Kritik Pasal Unjuk Rasa KUHP Baru Sebagai Delik Ketertiban Umum
Terbaru

Kritik Pasal Unjuk Rasa KUHP Baru Sebagai Delik Ketertiban Umum

Semestinya memuat definisi yang lebih ketat terkait “menggangu kepentingan umum”. Harus membaca teks Pasal 256 KUHP nasional secara utuh dan konteksnya serta penjelasannya, sebagai satu kesatuan yang tidak dapat dipisahkan.

Rofiq Hidayat
Bacaan 4 Menit

Pasal 256 KUHP Baru

“Setiap Orang yang tanpa pemberitahuan terlebih dahulu kepada yang berwenang mengadakan pawai, unjuk rasa, atau demonstrasi di jalan umum atau tempat umum yang mengakibatkan terganggunya kepentingan umum, menimbulkan keonaran, atau huru-hara dalam masyarakat, dipidana dengan pidana penjara paling lama 6 (enam) Bulan atau pidana denda paling banyak kategori II.”

Bersifat unsur kumulatif

Terpisah, Dosen Hukum Pidana Fakultas Hukum Universitas Trisakti Azmi Syahputra melihat rumusan norma Pasal 256 KUHP baru secara utuh. Dia memahami masih ada kekhawatiran masyarakat terkait pengaturan pemidanaan atas hak menyampaikan pendapat di muka umum. Padahal, berekspresi dan menyampaikan pendapat menjadi bagian dalam perwujudan demokrasi dan HAM.

“Untuk ini, perlu memahami teks dan konteksnya serta penjelasannya, hal ini menjadi satu kesatuan yang tidak dapat dipisahkan,” ujarnya.

Dia menerangkan unsurnya bersifat kumulatif. Malahan termasuk dalam delik materil yang menitikberatkan pada timbulnya akibat yang dilarang. Karenanya, mesti dibaca klausul Pasal 256 secara utuh keseluruhan. Setidaknya terdapat 3 unsur dalam Pasal 256. Pertama, tanpa ada pemberitahuan. Kedua,unjuk rasa. Ketiga, timbul kerusuhan. Dengan demikian, unsur dalam Pasal 256 bersifat kumulatif yang harus dibuktikan satu per satu.

Menurutnya, bila terdapat demonstrasi, unjuk rasa maupun pawai tanpa adanya pemberitahuan, maka ketentuan aturan yang diterapkan menggunakan Pasal 15 UUU No.9 Tahun 1998 tentang Kemerdekaan Menyampaikan Pendapat di Muka Umum. Sanksinya, dibubarkan, bukan malah pidana sebagaimana diatur dalam Pasal 256 KUHP. “Karena Pasal 256, harus terpenuhi ke-3 unsur tersebut diatas,” ujarnya.

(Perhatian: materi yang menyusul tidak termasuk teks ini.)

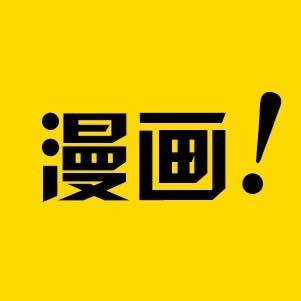 咻咻漫画韩漫最新版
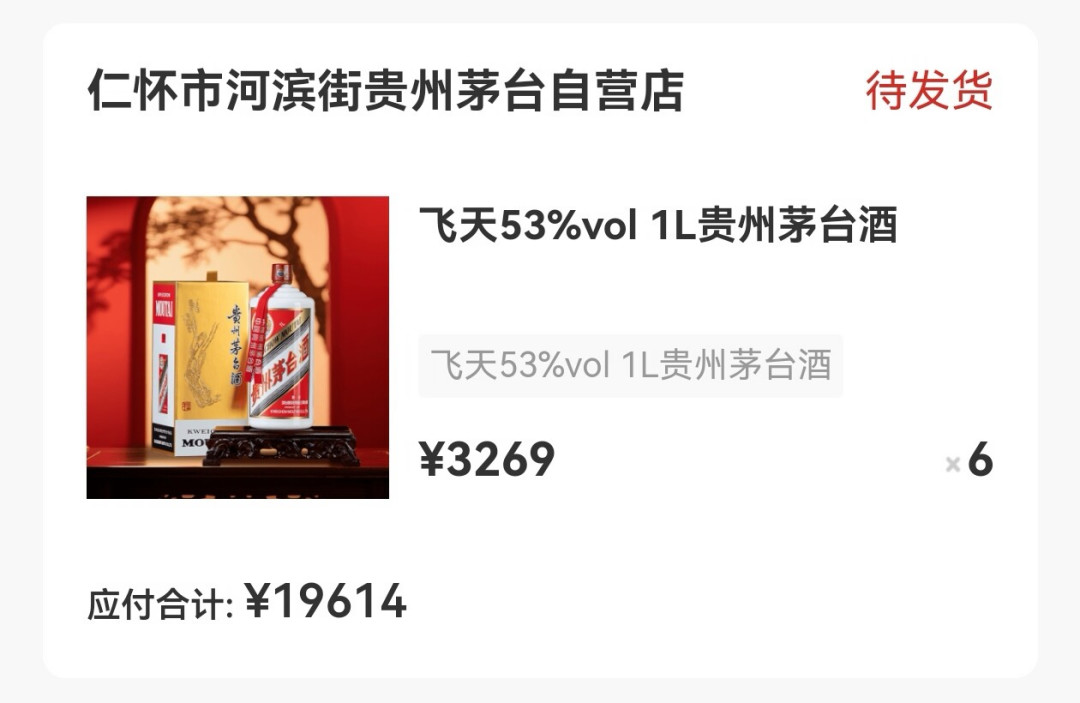 茅台半年报揭开i茅台真相：半年卖出402亿，抢购差价只剩70元左右，还要继续定闹钟抢吗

Dia melanjutkan rumusan Pasal 25 sebagai upaya menjaga dan mengantisipasi akibat yang tidak diharapkan demi menjaga dimensi harmoni keseimbangan demokrasi. Kemudian kewajiban dan hak dalam melindungi hak asasi guna menjalankan aktivitas kehidupan bermasyarakat dan bernegara. Menurutnya, penjelasan Pasal 256 KUHP nasional dibatasi apabila aksi unjuk rasa, demontrasi maupun pawai berakibat tidak berfungsinya pelayanan publik.

Penjelasan Pasal 256 KUHP nasional menyebutkan, “Yang dimaksud dengan ‘terganggunya kepentingan umum’ adalah tidak berfungsinya atau tidak dapat diaksesnya pelayanan publik akibat kerusakan yang timbul dari adanya pawai, unjuk rasa, atau demonstrasi”.